Boil water in a pot, then add pork belly (skin down), ginger, shallots, spices, and salt. Boil for 5 minutes, flip, and cook 3 more minutes.
Combine the following ingredients: pepper, soy sauce, onion powder, five-spice powder, annatto powder, ginger powder, paprika, salt, and sugar. Mix well.
Set aside a small portion of the marinade and use it as the dipping sauce.
After boiling, drain and pat the pork belly with paper towels to absorb the excess liquid. Score the meat side of the pork (see photo). Rub the marinade on the meat part of the pork on all sides.
Wrap the pork with aluminum foil, except for the skin side. Using the needle meat tenderizer, poke as many holes as you can on the skin’s surface.
Mix vinegar with salt. Brush this mixture well on the skin.
Refrigerate pork for 4 hours to dry the skin (or sun-dry/use a hairdryer). Preheat air fryer to 400°F. Air fry pork at 356°F for 15 minutes, skin side up. This is the first of 3 air frying sessions.
Brush the skin with the vinegar and salt mixture. Next, air fry it for 15 minutes at 375 degrees F.

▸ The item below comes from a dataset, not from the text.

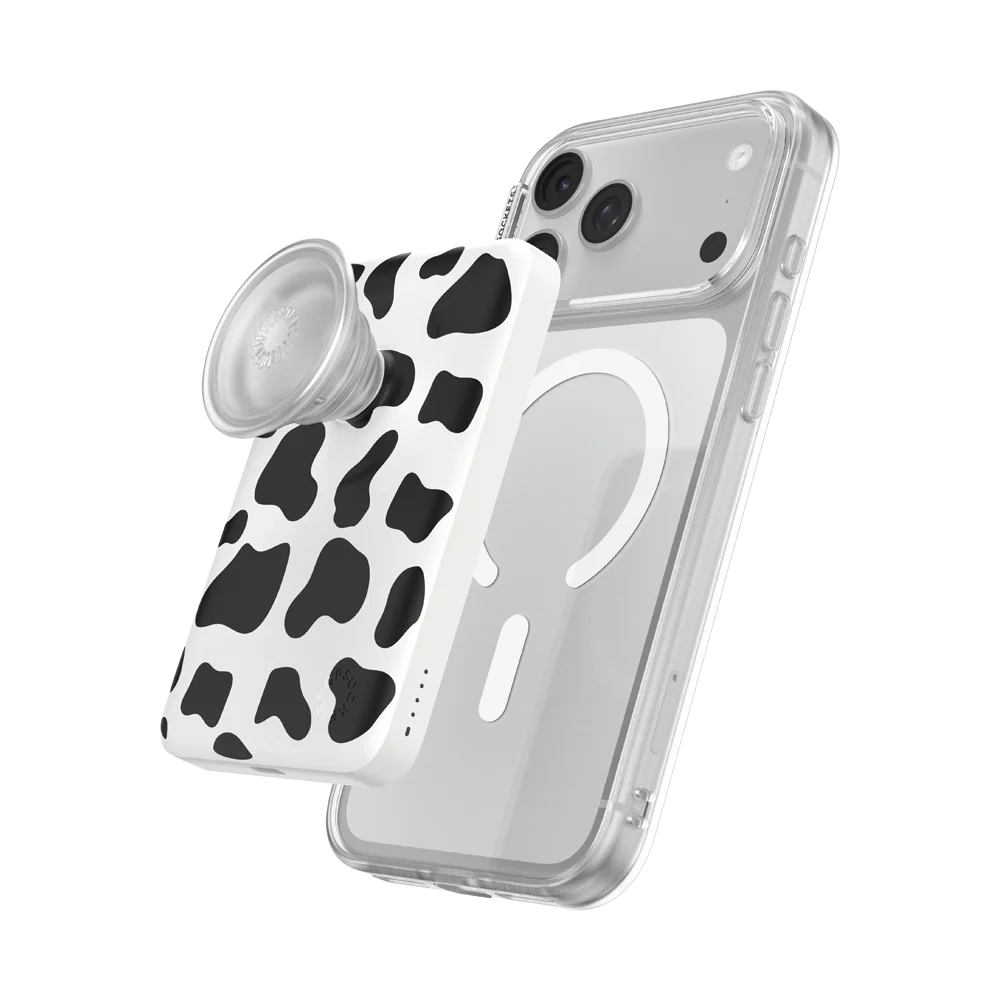 popsocketsgrip.com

Remove the aluminum foil and brush the rest of the vinegar mixture on the skin.
Once done, air fry the pork for another 10 minutes at 400 degrees F.
Boil reserved marinade with a little water. Add minced garlic and chili pepper once simmering. Reduce heat and simmer until sauce thickens.
Let the pork rest for about 15 minutes, then cut it into pieces of your preferred size. Serve it with Bánh Mì (Vietnamese baguette), Bánh Hỏi (woven vermicelli), pickles, cucumber, and vegetable salad.